● ACTIVITY: Beginning with the line that contains "Sliding Blocks", print each line to the end of the data exactly. Omit the pictures.

● SUPPLIED DATA:
****************

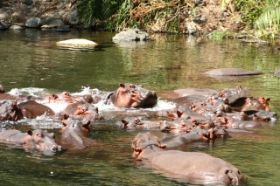 Flusspferde im kühlen Wasser.jpg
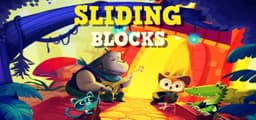 Sliding Blocks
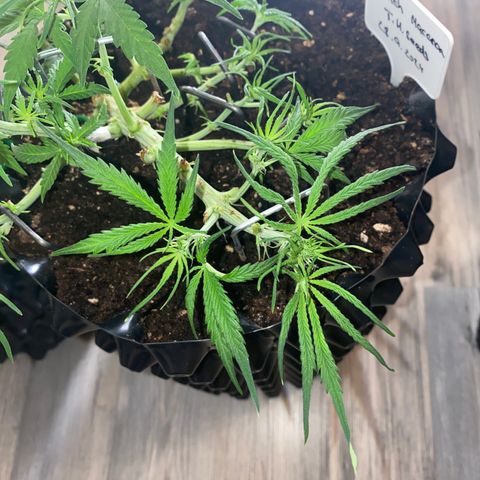 French Macaron growlog timeline photo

****************

● OUTPUT BELOW:
 Sliding Blocks
 French Macaron growlog timeline photo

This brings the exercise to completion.